11. Payment of Fees, Invoicing and Charges
The retainer service you have chosen allows for the payment of the retainer fee on a monthly basis. Payment will be taken in advance for each month by the card we have on file or by direct debit. It is your responsibility to keep the card details up to date.
If an invoice is not paid within 30 days, we may charge interest on the balance outstanding at the rate of 2% per month calculated daily from the invoice date until clearance of payment.

In the event of an invoice being overdue for payment then we may stop work on all matters on which we act for you, although we shall not take this action without first informing you. In such circumstances, the balance of the entire annual sum under the retainer agreement shall become due. Until payment of the full amount due, we reserve the right to take further action.

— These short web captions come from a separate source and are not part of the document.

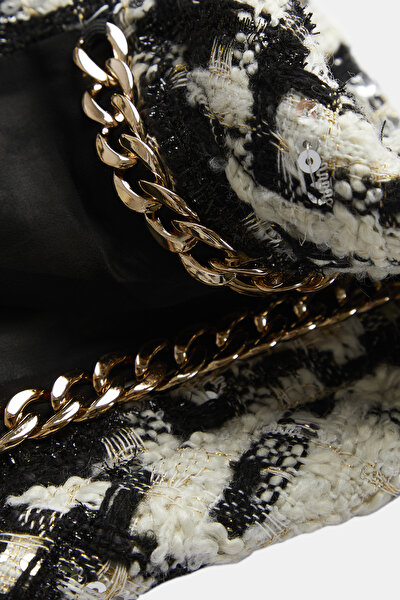 WHITE HOOK AND EYE JACKET 4
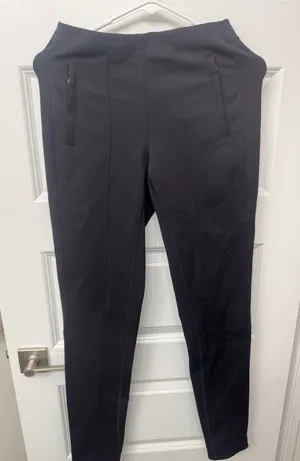 Lululemon Athletica Women’s Pants in Black thumbnail 1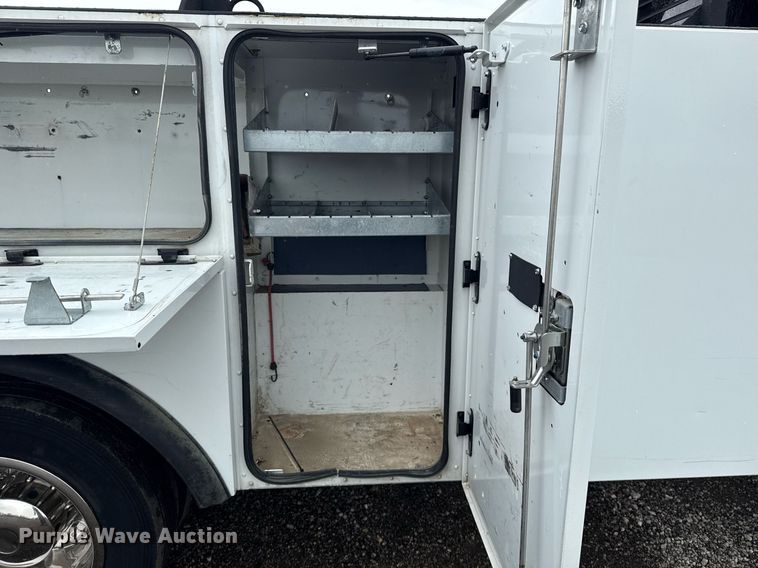 image for item EG5914 2019 Chevrolet Silverado 4500HD Crew Cab utility / service truck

Should it be necessary for us to seek to recover charges or expenses from you, we may do so on a full indemnity basis in respect of any costs we incur, including the costs of all agents we appoint to collect such amounts. We may retain all documents and any items in our possession relating to any matter until our invoices have all been paid in full.

We may, without prejudice to any other rights we may have, set off any liability you may have to us against any liability we may have to you.

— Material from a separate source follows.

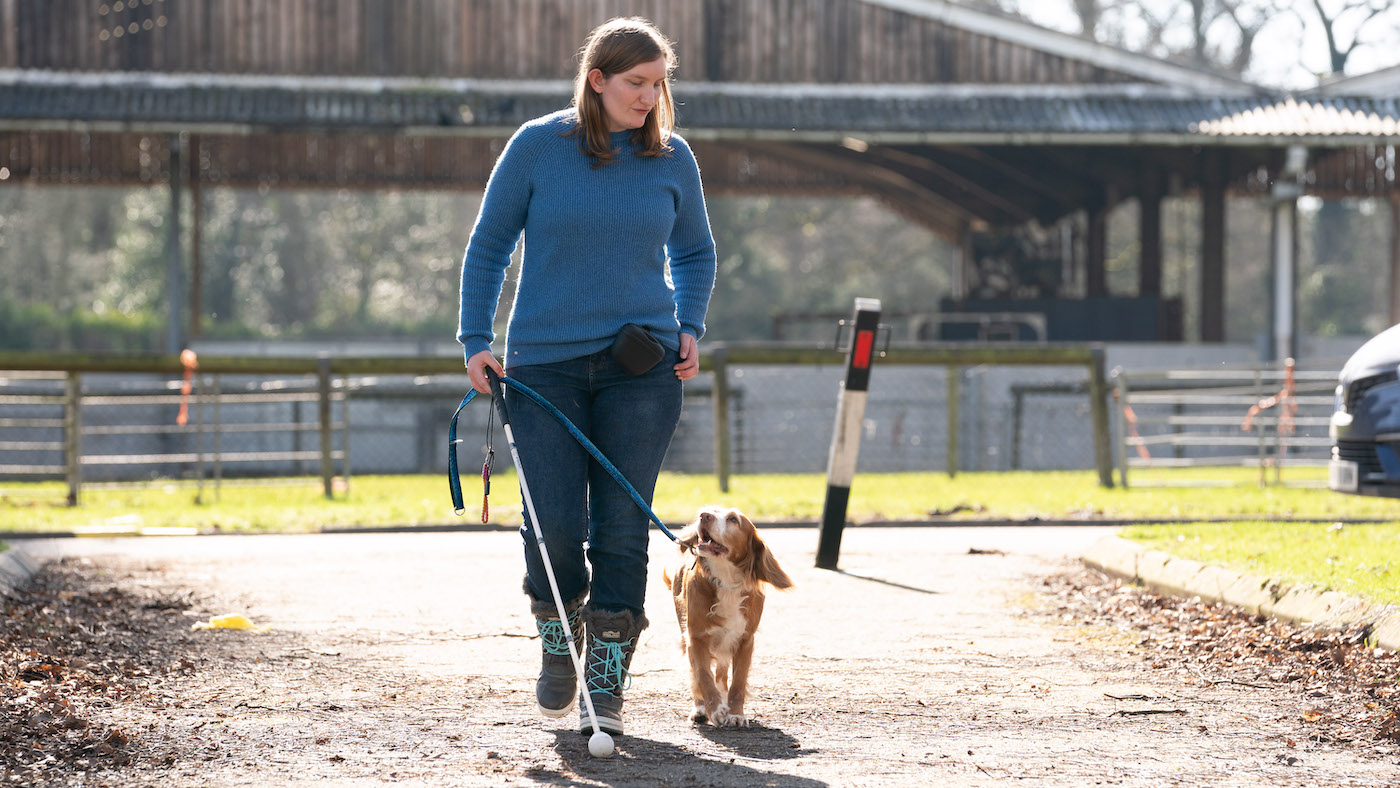 Crufts rêve pour la femme qui a subi de graves blessures dans la conduite FA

If you require us to start providing the services as set out in this agreement and we duly start work in accordance with your instructions, this will constitute acceptance on your part of the terms and conditions of this agreement and this agreement shall be binding between the parties

12. Waiver
A waiver of any right under this agreement is only effective if it is in writing and it applies only to the circumstances for which it is given. No failure or delay by either party in exercising any of its rights under this agreement shall be deemed to be a waiver of that right, and no waiver by either party of any breach of this agreement by the other shall be considered as a waiver of any subsequent breach of the same or any other provision. No single or partial exercise of such right or remedy shall preclude or restrict the further exercise of that (or any other) right or remedy.

Unless specifically provided otherwise, rights arising under this agreement are cumulative and do not exclude rights provided by law.

13. Force Majeure
If your performance of your obligations under this agreement is prevented or delayed by your acts or omissions or those of your agents, subcontractors, consultants or employees, we shall not be liable for any costs, charges or losses sustained or incurred by you arising directly or indirectly from such prevention or delay.

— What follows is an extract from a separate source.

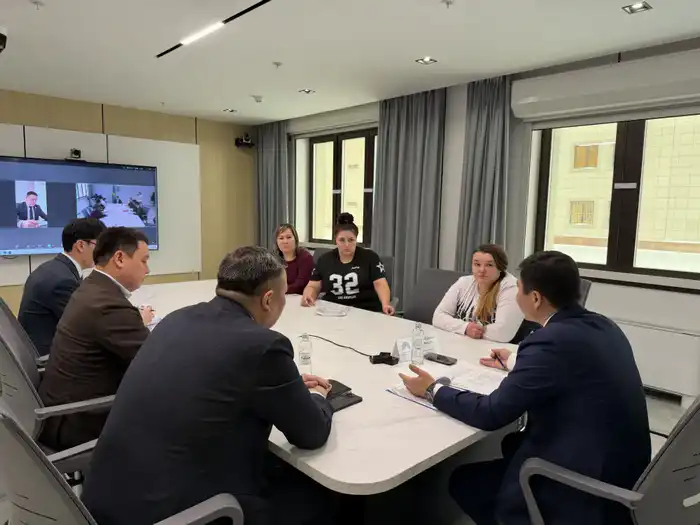 Обсуждение социальных проблем на приёме граждан вице-министра Куандыка Кажкенова Астане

We shall have no liability to you under this agreement if we are prevented from, or delayed in performing, our obligations under this agreement or from carrying on our business by acts, events, omissions or accidents beyond our reasonable control, including (without limitation) strikes, lock-outs or other industrial disputes (whether involving your workforce or any other party), failure of a utility service or transport network, act of God, war, riot, civil commotion, malicious damage, compliance with any law or governmental order, rule, regulation or direction, accident, breakdown of plant or machinery, fire, flood, storm or default of suppliers or subcontractors.

14. Variation
We may, from time to time and without notice, change the services provided to you in order to comply with any applicable safety or statutory requirements, provided that such changes do not materially affect the nature, scope of, or the charges for the services.

Subject to the previous paragraph, no variation of this agreement shall be valid unless it is in writing and signed by or on behalf of each of the parties.

No other terms of business will apply and no amendment to these terms of business will apply unless expressed in writing and signed by a Director.

15. Severance
If any provision of this agreement (or part of any provision) is found by any court or other authority of competent jurisdiction to be invalid, illegal or unenforceable, that provision or part-provision shall, to the extent required, be deemed not to form part of this agreement, and the validity and enforceability of the other provisions of this agreement shall not be affected.

If a provision of this agreement (or part of any provision) is found illegal, invalid or unenforceable, the provision shall apply with the minimum modification necessary to make it legal, valid and enforceable.

16. Entire agreement
These Terms constitute the entire agreement between the parties, supersede any previous agreement or understanding and may not be varied except in writing between the parties. All other terms, express or implied by statute or otherwise, are excluded to the fullest extent permitted by law.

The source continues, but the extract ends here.